Exercise aim
The answer must consist of every line in the records below that contains the string "Chevrolet".

====== Dataset

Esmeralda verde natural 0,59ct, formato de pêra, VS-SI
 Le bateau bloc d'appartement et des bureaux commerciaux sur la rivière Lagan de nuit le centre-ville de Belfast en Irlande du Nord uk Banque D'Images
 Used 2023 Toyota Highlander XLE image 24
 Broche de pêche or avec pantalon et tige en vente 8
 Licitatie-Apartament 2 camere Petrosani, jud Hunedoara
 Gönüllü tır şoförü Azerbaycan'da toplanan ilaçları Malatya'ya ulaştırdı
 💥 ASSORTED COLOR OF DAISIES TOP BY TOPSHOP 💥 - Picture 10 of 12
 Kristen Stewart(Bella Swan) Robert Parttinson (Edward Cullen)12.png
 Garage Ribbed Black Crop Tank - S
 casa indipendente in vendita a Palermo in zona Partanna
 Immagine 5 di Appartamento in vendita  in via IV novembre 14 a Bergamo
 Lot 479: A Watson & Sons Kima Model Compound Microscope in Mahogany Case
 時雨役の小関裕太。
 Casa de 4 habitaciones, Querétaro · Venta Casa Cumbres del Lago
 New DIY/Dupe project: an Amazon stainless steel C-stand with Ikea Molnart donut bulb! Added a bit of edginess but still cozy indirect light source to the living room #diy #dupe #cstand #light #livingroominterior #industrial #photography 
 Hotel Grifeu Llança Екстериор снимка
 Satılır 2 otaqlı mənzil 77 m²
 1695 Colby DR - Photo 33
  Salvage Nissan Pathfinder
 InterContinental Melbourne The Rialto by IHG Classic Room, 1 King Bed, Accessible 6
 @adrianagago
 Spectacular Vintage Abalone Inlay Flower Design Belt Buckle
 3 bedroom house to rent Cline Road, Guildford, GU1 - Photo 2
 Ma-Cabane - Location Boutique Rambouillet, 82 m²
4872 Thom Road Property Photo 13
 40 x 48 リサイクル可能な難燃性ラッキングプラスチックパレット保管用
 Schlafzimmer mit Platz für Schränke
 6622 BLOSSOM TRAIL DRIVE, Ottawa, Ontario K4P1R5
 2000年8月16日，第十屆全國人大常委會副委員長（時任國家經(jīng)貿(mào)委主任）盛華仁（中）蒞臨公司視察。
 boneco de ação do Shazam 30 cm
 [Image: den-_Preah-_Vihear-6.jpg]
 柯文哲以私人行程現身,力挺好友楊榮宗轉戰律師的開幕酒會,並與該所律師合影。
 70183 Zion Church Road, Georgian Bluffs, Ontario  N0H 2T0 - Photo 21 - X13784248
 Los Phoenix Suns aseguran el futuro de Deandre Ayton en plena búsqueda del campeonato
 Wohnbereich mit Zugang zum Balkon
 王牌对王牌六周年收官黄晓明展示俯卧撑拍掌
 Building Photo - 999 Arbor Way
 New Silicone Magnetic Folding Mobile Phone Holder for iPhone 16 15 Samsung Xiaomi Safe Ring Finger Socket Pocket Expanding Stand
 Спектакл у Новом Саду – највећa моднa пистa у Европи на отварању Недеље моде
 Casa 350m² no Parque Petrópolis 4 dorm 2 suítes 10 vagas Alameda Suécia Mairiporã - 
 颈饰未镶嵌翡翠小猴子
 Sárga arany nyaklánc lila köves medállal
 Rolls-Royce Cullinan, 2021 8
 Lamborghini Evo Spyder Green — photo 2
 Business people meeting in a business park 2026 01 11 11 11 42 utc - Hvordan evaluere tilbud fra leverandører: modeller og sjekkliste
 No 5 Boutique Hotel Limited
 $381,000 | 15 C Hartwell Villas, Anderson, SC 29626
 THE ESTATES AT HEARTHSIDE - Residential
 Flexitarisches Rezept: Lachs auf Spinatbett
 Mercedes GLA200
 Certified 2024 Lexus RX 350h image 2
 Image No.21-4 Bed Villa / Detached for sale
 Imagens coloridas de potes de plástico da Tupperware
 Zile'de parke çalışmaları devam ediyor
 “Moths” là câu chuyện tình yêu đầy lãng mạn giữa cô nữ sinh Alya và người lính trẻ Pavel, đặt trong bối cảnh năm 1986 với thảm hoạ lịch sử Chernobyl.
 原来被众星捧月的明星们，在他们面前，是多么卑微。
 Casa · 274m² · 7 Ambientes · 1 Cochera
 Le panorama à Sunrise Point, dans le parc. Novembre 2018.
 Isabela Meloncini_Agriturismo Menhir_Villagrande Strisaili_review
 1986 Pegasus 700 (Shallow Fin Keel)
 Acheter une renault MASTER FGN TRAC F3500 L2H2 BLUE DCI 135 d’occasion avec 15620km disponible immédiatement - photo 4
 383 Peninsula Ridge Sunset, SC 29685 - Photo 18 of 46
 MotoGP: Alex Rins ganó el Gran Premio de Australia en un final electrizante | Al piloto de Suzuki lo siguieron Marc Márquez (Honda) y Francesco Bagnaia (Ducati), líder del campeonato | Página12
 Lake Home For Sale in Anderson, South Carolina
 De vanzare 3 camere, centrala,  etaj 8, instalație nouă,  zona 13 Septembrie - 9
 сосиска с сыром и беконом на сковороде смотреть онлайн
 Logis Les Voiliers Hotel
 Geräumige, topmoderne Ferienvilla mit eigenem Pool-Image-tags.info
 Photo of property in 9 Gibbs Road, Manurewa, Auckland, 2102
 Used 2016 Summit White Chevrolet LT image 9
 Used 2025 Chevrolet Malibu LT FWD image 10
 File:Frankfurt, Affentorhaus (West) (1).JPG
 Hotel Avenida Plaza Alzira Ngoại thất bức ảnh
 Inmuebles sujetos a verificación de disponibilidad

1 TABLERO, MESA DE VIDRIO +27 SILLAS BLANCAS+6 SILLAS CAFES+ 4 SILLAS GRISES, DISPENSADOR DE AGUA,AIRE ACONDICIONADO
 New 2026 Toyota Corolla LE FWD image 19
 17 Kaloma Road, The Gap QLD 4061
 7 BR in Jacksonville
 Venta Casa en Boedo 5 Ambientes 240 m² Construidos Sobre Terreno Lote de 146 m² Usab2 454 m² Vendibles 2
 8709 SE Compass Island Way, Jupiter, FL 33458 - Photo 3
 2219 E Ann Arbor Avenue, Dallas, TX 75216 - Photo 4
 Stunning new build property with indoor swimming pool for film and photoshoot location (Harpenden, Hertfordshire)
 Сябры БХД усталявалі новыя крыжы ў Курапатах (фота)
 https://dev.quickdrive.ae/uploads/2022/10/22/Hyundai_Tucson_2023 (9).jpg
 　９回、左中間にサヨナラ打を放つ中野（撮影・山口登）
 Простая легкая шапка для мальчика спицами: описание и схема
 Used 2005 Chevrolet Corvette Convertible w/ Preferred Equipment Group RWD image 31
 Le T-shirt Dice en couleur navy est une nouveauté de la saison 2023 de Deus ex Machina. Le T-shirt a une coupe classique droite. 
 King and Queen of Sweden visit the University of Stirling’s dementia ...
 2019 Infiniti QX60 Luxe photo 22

============

Task response
 Used 2016 Summit White Chevrolet LT image 9
 Used 2025 Chevrolet Malibu LT FWD image 10
 Used 2005 Chevrolet Corvette Convertible w/ Preferred Equipment Group RWD image 31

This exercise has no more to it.